-- About this exercise --
Print the listing below exactly, images excluded.

-- Data extract --
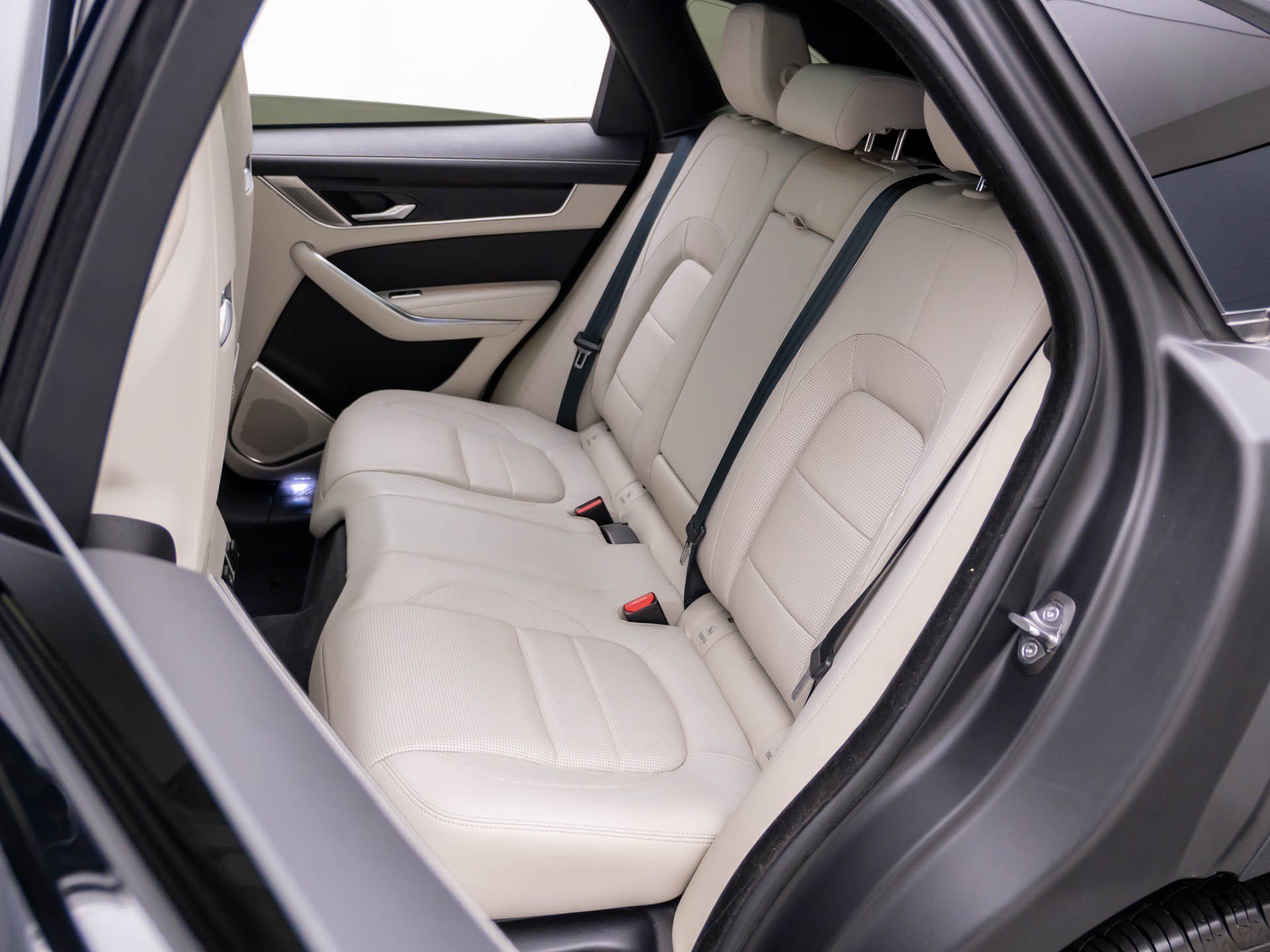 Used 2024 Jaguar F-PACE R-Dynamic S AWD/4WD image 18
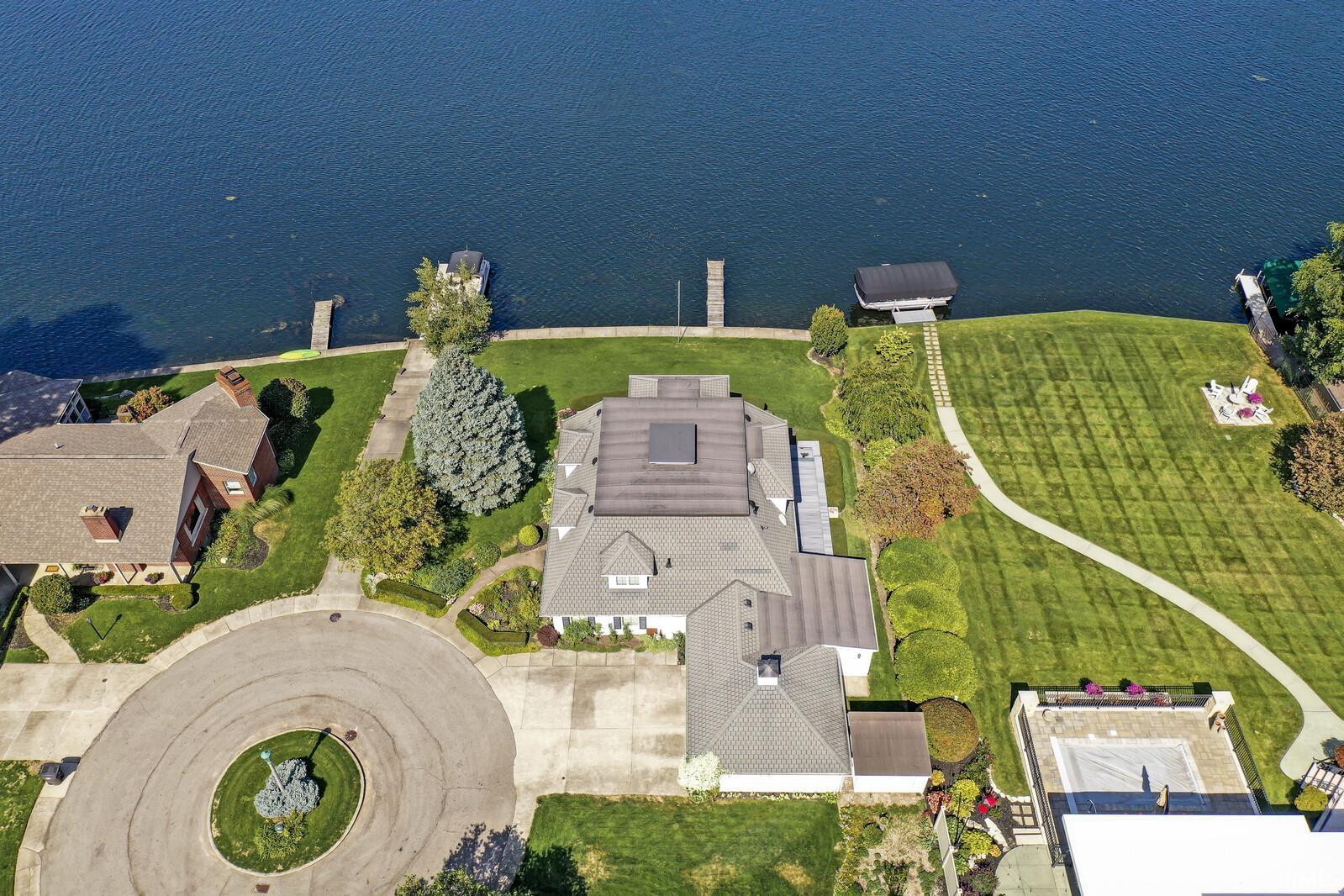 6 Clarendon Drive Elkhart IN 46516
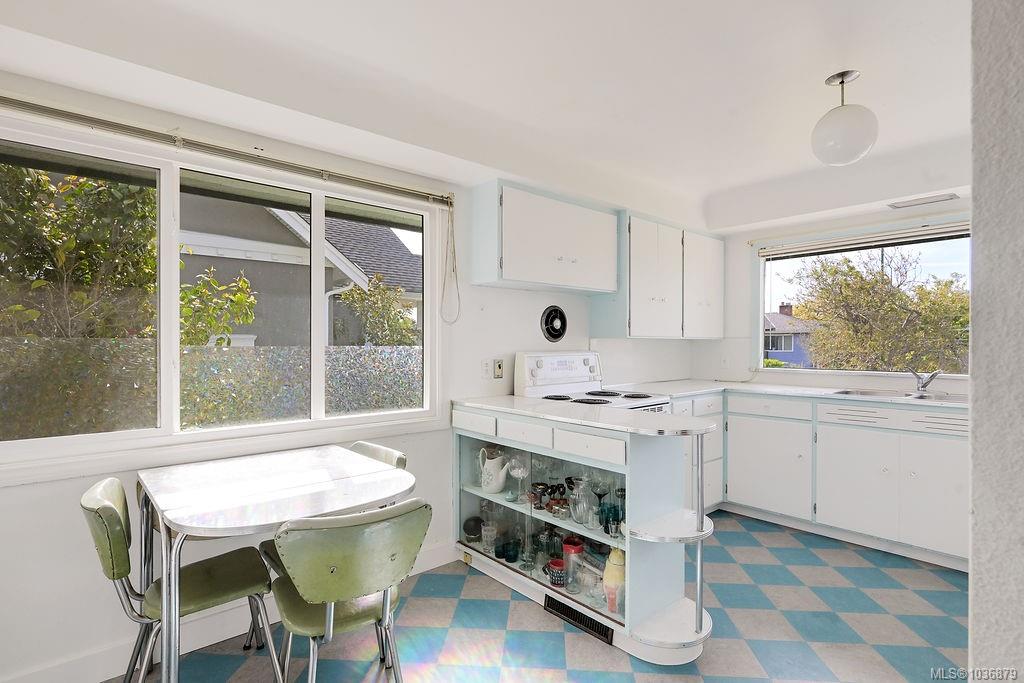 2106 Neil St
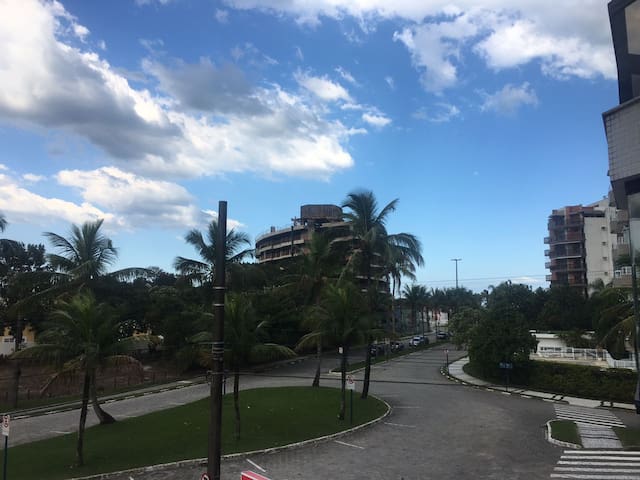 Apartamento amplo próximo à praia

-- Your solution --
 Used 2024 Jaguar F-PACE R-Dynamic S AWD/4WD image 18
 6 Clarendon Drive Elkhart IN 46516
 2106 Neil St
 Apartamento amplo próximo à praia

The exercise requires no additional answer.